## Assignment
I need the lines from the one holding "QUEEN OES BEST" to the last line of the data below repeated exactly, both included, without pictures.

## Data provided
# # #

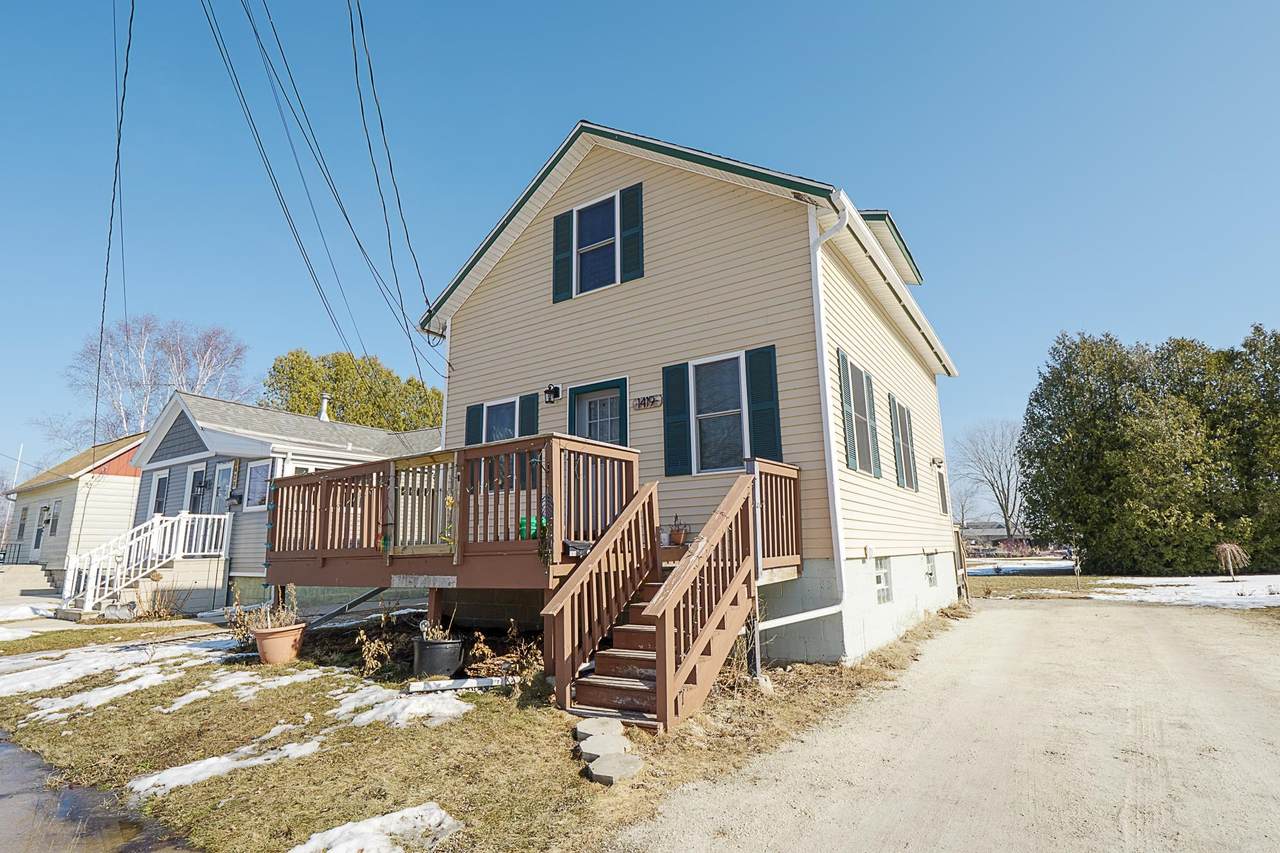 1419 School Street - Photo 1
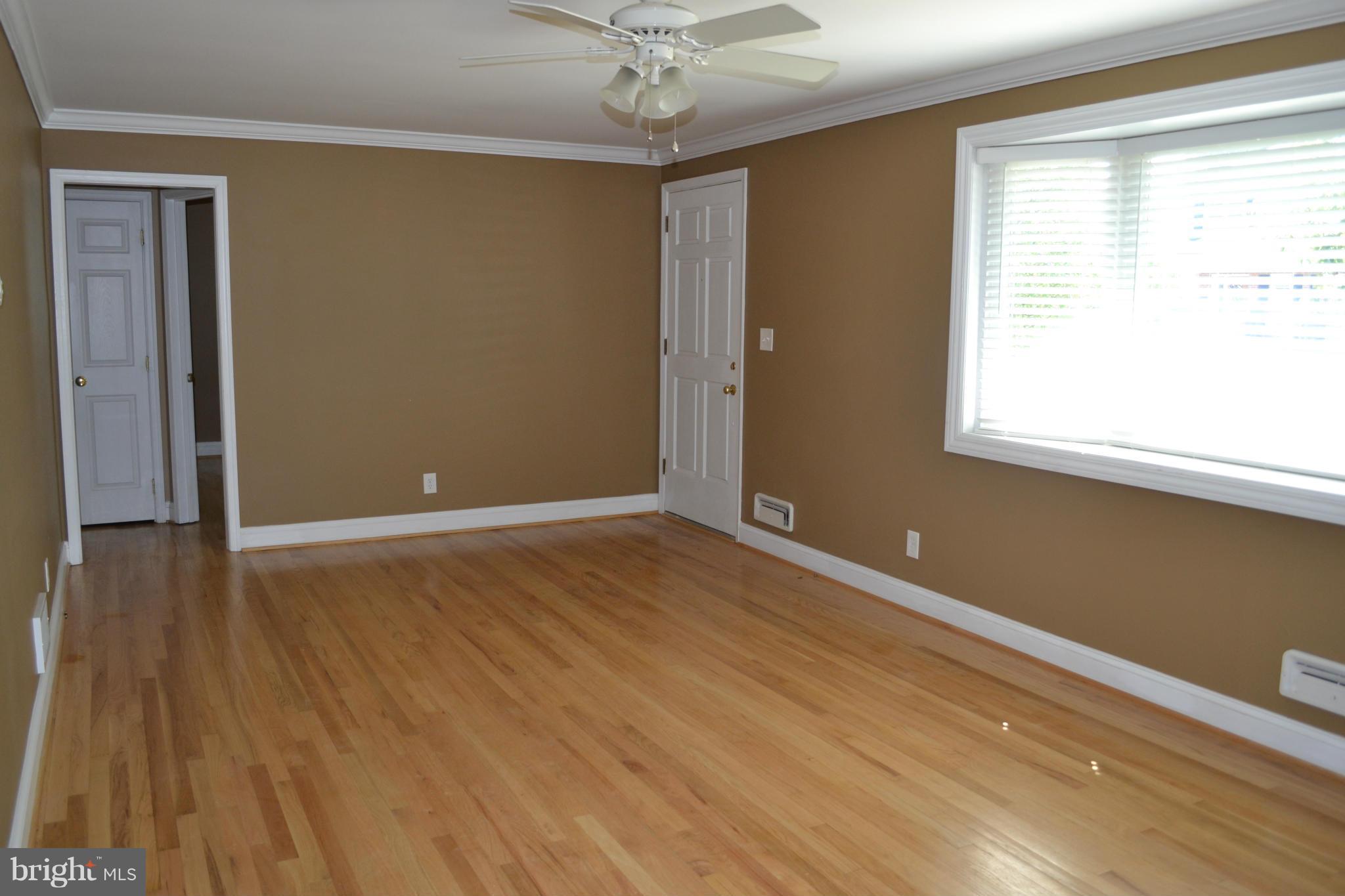 421 Madingley Road Linthicum, MD 21090 - Photo 6 of 11 Living Room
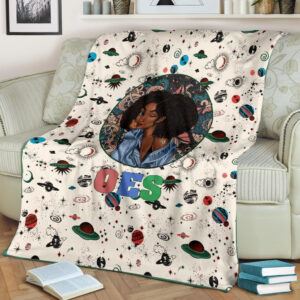QUEEN OES BEST SELLER FLEECE BLANKET GIFT FOR FAN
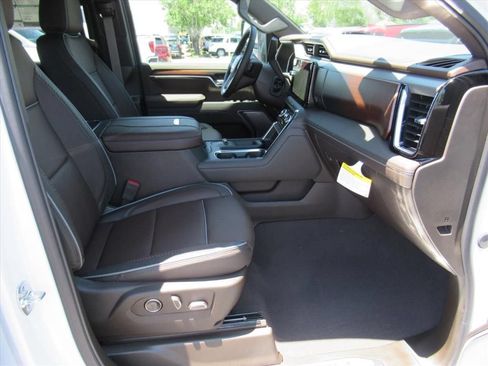 New 2026 GMC Sierra 2500 Denali w/ Denali Reserve Package AWD/4WD image 11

# # #

## Answer space
QUEEN OES BEST SELLER FLEECE BLANKET GIFT FOR FAN
 New 2026 GMC Sierra 2500 Denali w/ Denali Reserve Package AWD/4WD image 11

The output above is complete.